Foi difícil convencer fotógrafos de referência mundial a exporem em Viseu?
Não. A marca Fujifilm ajudou. O orçamento é pequeno (52 mil euros) mas a ideia é criar um festival de referência anual. Vamos trazer exposições que já estiveram no MoMa, uma fotógrafa da Magnum, fotógrafos premiados pela UNESCO, vencedores do World Press Photo. Roger Tooth, ex-diretor de fotografia do Guardian, vai fazer um master class. O cartaz do FIF serve qualquer cidade do planeta.

O FIF tem como tema “Inspiring positive change”. O que espera que mude?
O FIF pretende arrancar as pessoas da sua zona de conforto , levá-las a olhar para as exposições de forma quase autocrítica. O Tomasz Lazar, que vem da Polónia, é o cabeça de cartaz e traz nove imagens, de pessoas a entrarem numa estação de comboio em Tókio, que ficam completamente amassadas contra a janela. Com este fluxo migratório para as grandes cidades pagamos um preço elevadíssimo. É isto qualidade de vida? Se quem nos visitar, se questionar, acho que cumprimos a nossa missão.

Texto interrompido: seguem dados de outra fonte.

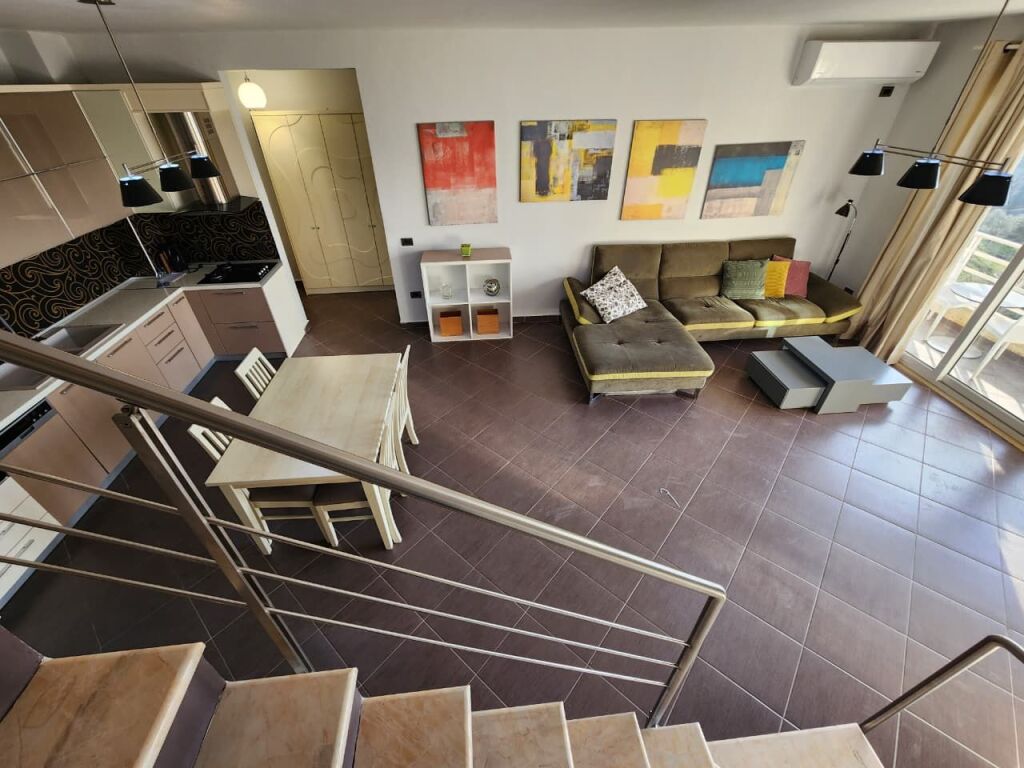 Duplex 3+1 For Sale📍 Rez.Kodra e Diellit I / 3+1+2wc &amp; 2 balconies &amp; storage* 121 m2 total (Furnished) 260K 🔥🔥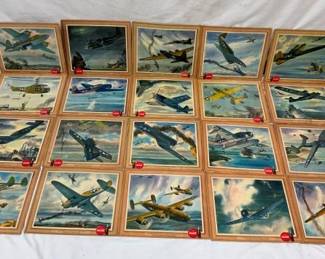 20 1943 AIRPLANE COCA COLA HANGERS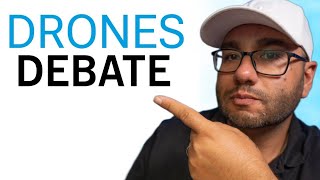 DEBATE TEMA LIBRE SOBRE DRONES [upl. by Engedus]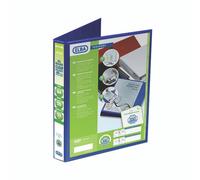 Elba Pres Rbndr 2D 25MM A4 Blue PK6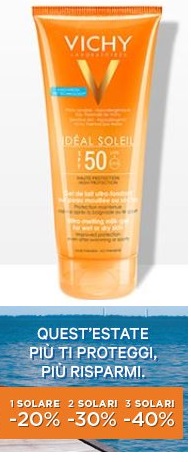 IDEAL SOLEIL GEL WET SKIN SPF 50+ PROMO 17 - Farmaunclick.it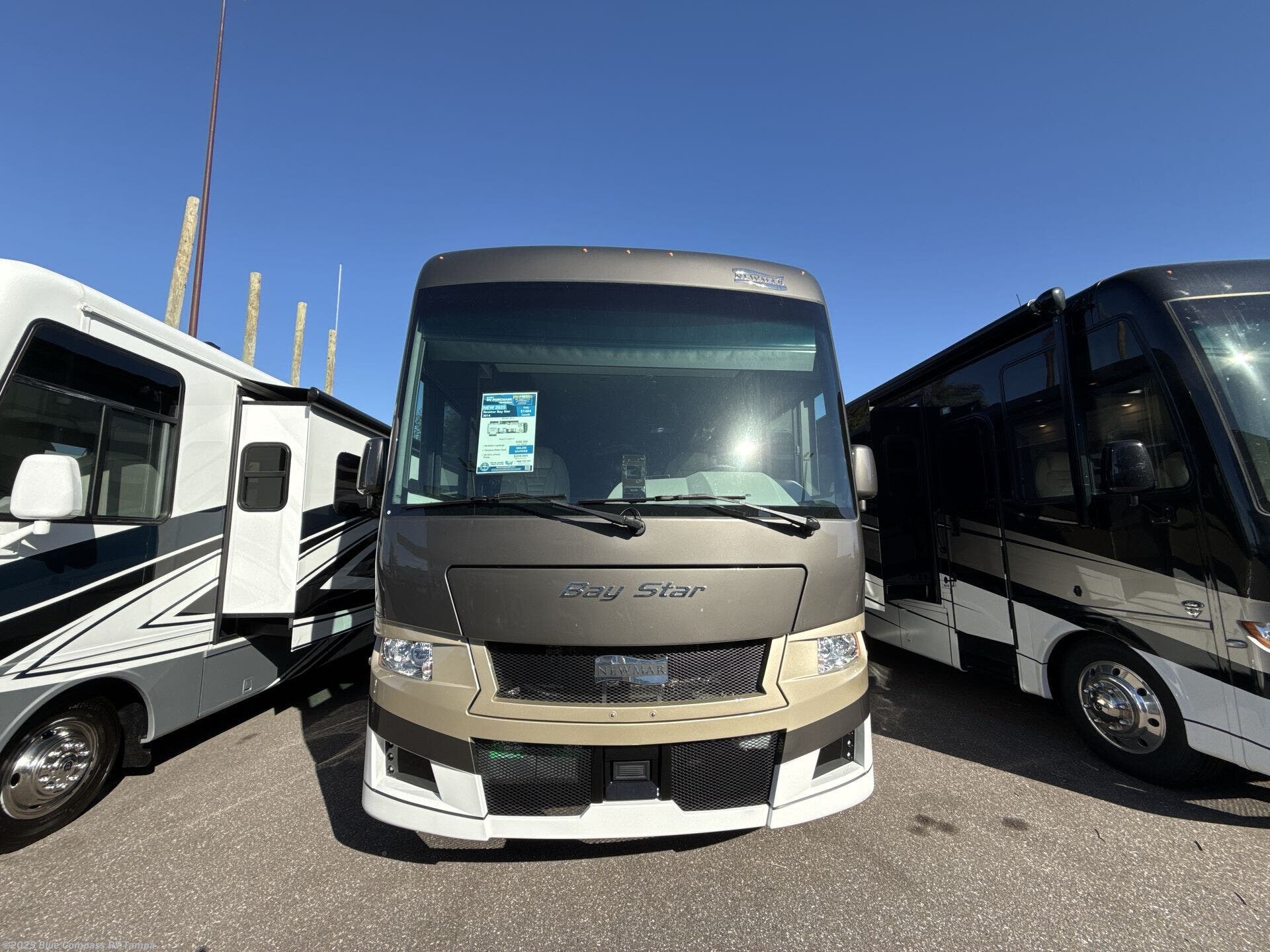 New 2025 Newmar Bay Star 3014 available in Dover, Florida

Viseu tem sensibilidade para a fotografia ou tem de ser educado?
Todos nós temos de ser reeducados para a fotografia. Com a revolução tecnológica e as redes sociais, a fotografia passou a ser uma forma de comunicação e não uma arte. O facto de comprarmos uma máquina fotográfica não faz de nós fotógrafos, tal como comprar um computador não faz de nós escritores. Nas escolas, somos ensinados a descodificar o que o poeta disse e não disse, mas não há o mesmo cuidado com a imagem. Não somos ensinados a ver.

Como é que se aprende?
Saramago dizia: ”Se podes olhar, vê. Se podes ver, repara”. Aprendi a ver, olhando à volta, tentando perceber para além do que é óbvio num edifício, na pobreza ou na riqueza, na forma como as pessoas se relacionam umas com as outras. Talvez o aprender a ver passe por trabalhar a partir do que não é óbvio.

O que há para ver no Fujifilm FIF Viseu
Treze exposições individuais, distribuídas pela cidade e uma coletiva “Piles of trash”, no Solar do Vinho do Dão. O FIF Viseu, entre 5 de maio e 4 de junho, inclui palestras, workshops, master class, cinema, uma residência internacional e um Istameet.